IMG_5475_1.jpgC’est d’abord Grams qui s’y colle le matin avec le 200 m papillon. Cette fois on est à l’heure à la piscine pour voir la course (la veille j’étais en train de garer la voiture pendant que Gol nageait son 100 m papillon, monsieur Russo s’était échappé du véhicule juste à temps pour voir la course). On n’attend pas de grosse surprise, ça devrait rouler. Sa prestation sur le 400 4N le jeudi a tout dit sur son très bon état de forme. Il nage un 200 pap impeccable, et s’adjuge le titre à seulement une seconde de son chrono de Kazan, malgré Pierre Rabat de Millau qui revient fort. Ça roule, le compteur de médailles tourne et le chrono est très bon. Mais ça manque un peu de piment. Sur ce coup-là il reste dans ses rails, le Grams. Faites ce que je dis, pas ce que je fais.

Y’en a un qui pour une fois en sort de ses rails. C’est Nicolas Granger. Le vieux C5 surhumain (l’année prochaine il est en C6 comme moi). Pour ceux qui ne sauraient pas ce que c’est, il fait une magnifique démonstration de craquage sur les derniers 15 mètres d’un 200 pap, les bras en bois, le mur qui recule, et tout ce qui va avec (29″, 34″, 36″, 41″, au total 2’20 » tout de même). Tant qu’on y est à parler des autres, notre ami-voisin Marc Chalansonnet se fait plaisir en remportant l’épreuve en catégorie C6 avec une belle course en 2’26 », en embuscade derrière celui qui sera second, qu’il double sur la fin pour toucher premier. Marc dit qu’il n’arrive pas à nager le 200 m NL, et qu’il est plus à l’aise sur le 200 pap. Étonnant non ? En tout cas ça m’arrange.

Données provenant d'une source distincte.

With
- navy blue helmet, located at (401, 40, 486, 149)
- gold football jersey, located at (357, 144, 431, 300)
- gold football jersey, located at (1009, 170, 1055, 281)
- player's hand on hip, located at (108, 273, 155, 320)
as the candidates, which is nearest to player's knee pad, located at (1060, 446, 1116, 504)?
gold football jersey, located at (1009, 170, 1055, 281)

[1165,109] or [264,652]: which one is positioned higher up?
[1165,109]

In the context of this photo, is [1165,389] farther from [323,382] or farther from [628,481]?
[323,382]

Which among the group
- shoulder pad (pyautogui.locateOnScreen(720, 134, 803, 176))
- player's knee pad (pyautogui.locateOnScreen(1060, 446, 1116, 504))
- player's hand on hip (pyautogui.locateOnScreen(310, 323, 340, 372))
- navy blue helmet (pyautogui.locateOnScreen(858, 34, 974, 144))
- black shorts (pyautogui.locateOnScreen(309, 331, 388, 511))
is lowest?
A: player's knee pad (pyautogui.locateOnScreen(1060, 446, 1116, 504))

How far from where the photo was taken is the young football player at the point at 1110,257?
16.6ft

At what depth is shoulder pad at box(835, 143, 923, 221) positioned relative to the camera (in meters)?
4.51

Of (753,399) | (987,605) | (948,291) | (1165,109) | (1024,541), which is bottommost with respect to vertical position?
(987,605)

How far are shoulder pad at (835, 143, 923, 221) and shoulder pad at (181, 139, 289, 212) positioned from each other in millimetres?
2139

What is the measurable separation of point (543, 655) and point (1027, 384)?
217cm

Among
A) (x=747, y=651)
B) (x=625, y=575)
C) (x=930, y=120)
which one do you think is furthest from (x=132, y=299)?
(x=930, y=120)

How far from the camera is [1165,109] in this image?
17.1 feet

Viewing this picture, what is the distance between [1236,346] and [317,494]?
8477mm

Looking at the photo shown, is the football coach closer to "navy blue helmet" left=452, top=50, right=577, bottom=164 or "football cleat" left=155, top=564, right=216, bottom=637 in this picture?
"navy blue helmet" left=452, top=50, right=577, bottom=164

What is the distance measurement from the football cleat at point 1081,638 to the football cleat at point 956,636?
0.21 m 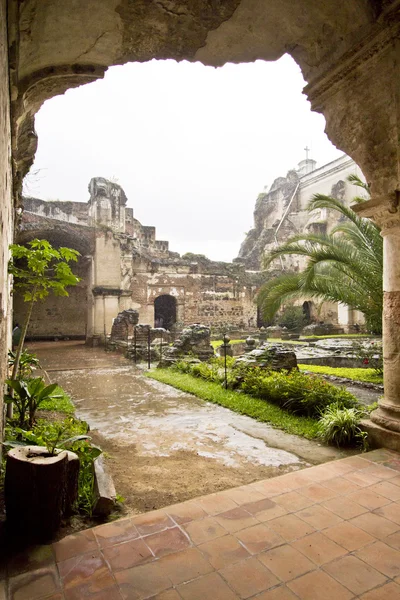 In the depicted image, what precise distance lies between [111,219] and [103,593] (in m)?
23.3

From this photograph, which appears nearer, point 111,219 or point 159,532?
point 159,532

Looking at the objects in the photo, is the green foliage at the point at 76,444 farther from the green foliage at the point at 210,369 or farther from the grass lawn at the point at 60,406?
the green foliage at the point at 210,369

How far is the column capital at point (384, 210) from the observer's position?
387cm

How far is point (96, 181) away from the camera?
76.6 feet

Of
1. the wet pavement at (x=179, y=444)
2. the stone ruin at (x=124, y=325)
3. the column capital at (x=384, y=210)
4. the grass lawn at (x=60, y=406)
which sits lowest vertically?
the wet pavement at (x=179, y=444)

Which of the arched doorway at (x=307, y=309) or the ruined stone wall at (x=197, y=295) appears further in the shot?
the arched doorway at (x=307, y=309)

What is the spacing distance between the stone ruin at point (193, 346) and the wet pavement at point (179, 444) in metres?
3.27

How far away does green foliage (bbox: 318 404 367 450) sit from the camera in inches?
167

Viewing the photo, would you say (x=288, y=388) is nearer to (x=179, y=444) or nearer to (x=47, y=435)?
(x=179, y=444)

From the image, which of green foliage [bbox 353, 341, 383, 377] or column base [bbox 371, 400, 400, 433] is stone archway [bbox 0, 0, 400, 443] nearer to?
column base [bbox 371, 400, 400, 433]

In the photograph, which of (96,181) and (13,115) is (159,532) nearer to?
(13,115)

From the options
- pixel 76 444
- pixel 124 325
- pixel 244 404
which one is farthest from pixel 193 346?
pixel 76 444

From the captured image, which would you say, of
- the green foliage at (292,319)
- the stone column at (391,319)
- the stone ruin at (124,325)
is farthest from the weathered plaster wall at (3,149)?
the green foliage at (292,319)

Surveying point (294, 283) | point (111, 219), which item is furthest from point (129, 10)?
point (111, 219) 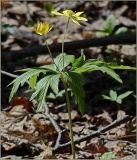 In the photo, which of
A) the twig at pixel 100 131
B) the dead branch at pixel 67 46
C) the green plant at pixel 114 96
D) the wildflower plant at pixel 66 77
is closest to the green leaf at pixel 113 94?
the green plant at pixel 114 96

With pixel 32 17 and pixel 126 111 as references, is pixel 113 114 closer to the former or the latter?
pixel 126 111

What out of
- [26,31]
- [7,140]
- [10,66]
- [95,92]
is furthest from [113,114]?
[26,31]

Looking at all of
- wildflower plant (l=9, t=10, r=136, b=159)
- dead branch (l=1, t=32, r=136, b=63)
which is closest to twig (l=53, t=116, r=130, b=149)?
wildflower plant (l=9, t=10, r=136, b=159)

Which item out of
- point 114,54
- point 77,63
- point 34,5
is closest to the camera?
point 77,63

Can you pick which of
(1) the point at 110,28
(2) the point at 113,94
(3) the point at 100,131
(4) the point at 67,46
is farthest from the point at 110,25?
(3) the point at 100,131

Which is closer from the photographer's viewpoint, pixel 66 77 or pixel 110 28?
pixel 66 77

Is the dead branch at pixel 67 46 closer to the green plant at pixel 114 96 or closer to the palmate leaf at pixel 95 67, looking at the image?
the green plant at pixel 114 96

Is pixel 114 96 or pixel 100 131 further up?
pixel 114 96

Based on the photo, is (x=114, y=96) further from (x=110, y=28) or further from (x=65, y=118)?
(x=110, y=28)

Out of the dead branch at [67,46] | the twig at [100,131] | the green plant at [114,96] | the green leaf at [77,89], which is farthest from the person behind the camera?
the dead branch at [67,46]

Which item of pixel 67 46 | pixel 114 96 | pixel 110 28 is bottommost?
pixel 114 96

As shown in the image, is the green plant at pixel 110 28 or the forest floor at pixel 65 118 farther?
the green plant at pixel 110 28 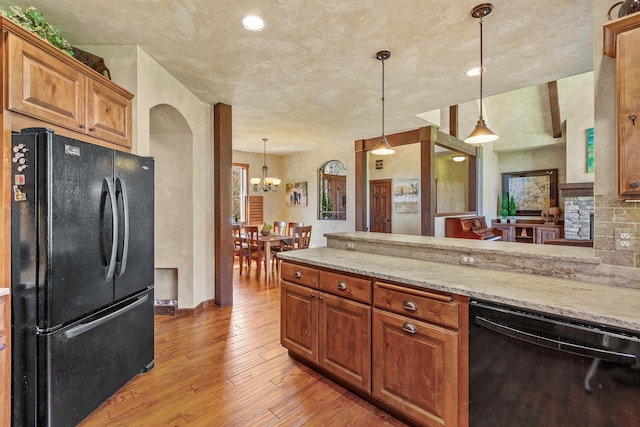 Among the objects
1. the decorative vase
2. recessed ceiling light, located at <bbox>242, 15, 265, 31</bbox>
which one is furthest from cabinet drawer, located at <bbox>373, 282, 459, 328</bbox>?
recessed ceiling light, located at <bbox>242, 15, 265, 31</bbox>

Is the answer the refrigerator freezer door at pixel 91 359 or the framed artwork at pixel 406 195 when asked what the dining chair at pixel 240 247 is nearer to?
the refrigerator freezer door at pixel 91 359

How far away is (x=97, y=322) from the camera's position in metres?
1.88

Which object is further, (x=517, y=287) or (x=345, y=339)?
(x=345, y=339)

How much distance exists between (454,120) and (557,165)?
369 cm

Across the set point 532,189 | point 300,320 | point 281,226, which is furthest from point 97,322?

Pas de 200 papillon pour Gol cette année, son objectif étant le 100 m NL de l’après-midi. Au fait, ne dites pas que je l’appelle Gol, il n’aime pas qu’on l’appelle comme ça.
IMG_5552_1.jpgPas de 200 pap donc, mais un 50 m dos de derrière les fagots. L’année dernière à Chalon (championnats dont on se souviendra longtemps !), il avait lancé le relais 4N en dos, et s’était rendu compte comme ça en passant qu’il pouvait être champion de France. Donc il le nage cette année, et en 29″11 il l’emporte. Ça fait 3 centièmes de plus que jeudi au relais. La reproductibilité de notre organisme m’étonnera toujours. Deux 50 m dos nagés le même WE dans des conditions similaires, les chronos ne diffèrent que de 3 centièmes. Reste plus qu’à nager droit et il peut nager 28″. Et un titre en plus dans la musette. L’année passée il était revenu avec que des médailles d’argent, mais cette année il a pas envie de refaire le Poulidor, et il est bien parti pour revenir avec 5 titres individuels.

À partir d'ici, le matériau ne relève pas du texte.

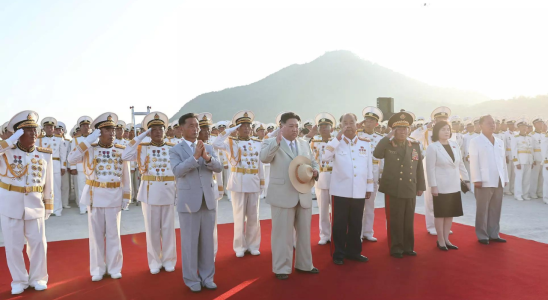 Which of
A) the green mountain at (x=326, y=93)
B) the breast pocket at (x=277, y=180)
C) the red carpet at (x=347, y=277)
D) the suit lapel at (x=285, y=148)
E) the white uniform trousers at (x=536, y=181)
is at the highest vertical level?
the green mountain at (x=326, y=93)

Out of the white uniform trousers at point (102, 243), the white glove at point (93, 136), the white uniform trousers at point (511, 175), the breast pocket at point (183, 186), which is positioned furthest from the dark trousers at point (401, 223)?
the white uniform trousers at point (511, 175)

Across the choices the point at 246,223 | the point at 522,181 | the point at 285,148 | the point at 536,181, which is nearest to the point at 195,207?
the point at 285,148

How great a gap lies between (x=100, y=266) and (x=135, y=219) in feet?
12.3

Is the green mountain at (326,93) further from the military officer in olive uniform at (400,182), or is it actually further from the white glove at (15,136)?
the white glove at (15,136)

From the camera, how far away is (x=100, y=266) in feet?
15.3

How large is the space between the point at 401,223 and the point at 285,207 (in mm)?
1843

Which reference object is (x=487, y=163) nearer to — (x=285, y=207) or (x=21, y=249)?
(x=285, y=207)

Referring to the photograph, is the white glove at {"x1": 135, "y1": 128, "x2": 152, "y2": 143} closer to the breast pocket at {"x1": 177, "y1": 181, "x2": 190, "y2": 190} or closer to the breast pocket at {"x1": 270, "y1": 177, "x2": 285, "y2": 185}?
the breast pocket at {"x1": 177, "y1": 181, "x2": 190, "y2": 190}

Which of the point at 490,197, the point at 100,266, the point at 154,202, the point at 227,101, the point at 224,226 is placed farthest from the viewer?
the point at 227,101

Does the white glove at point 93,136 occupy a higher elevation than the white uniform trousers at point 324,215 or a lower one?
higher

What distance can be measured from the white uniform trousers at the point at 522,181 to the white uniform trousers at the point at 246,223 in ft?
25.6

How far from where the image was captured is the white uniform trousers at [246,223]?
5.67 meters

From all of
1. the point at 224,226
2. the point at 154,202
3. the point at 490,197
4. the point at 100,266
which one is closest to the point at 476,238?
the point at 490,197

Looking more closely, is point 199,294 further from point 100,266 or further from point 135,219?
point 135,219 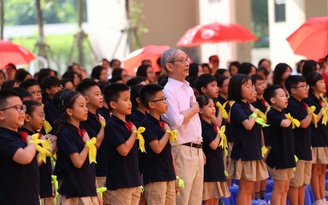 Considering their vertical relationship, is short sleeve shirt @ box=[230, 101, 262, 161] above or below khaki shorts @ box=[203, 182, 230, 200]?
above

IMG_7714_1.jpgCe matin, deux autres jeunes nous ont rejoints : c’est Robin et Jérémy Gotto. Ce dernier s’est engagé sur le 50 m dos, son ex-spécialité. Je dis ex- parce qu’il ne nage plus du tout. Mais il était au rendez-vous cet hiver pour nous filer un coup de main aux interclubs des maîtres, donc on est contents qu’il soit là. Il nage sans prétention, pour participer. Mais le sport c’est impitoyable. Si tu ne t’entraînes pas, tu paies l’addition. Jérémy, qui était un excellent nageur de dos, mais mauvais en départ et en coulée … se lance dans une coulée interminable et totalement inefficace. Louis, qui n’est pourtant pas méchant, est mort de rire. « Oh le drame » qu’il s’exclame pendant que Jérémy se tortille sur place 30 cm sous la surface, alors que les autres nageurs prennent le large. Ouf ça y est, il arrête la farce et se met à nager. Là on retrouve le Gotto et il fait un très bon parcours, même si, absence d’entraînement oblige, la fin est très difficile.
A sa sortie de l’eau il vient nous voir en souriant :

— Vous avez vu, j’ai fait une longue coulée.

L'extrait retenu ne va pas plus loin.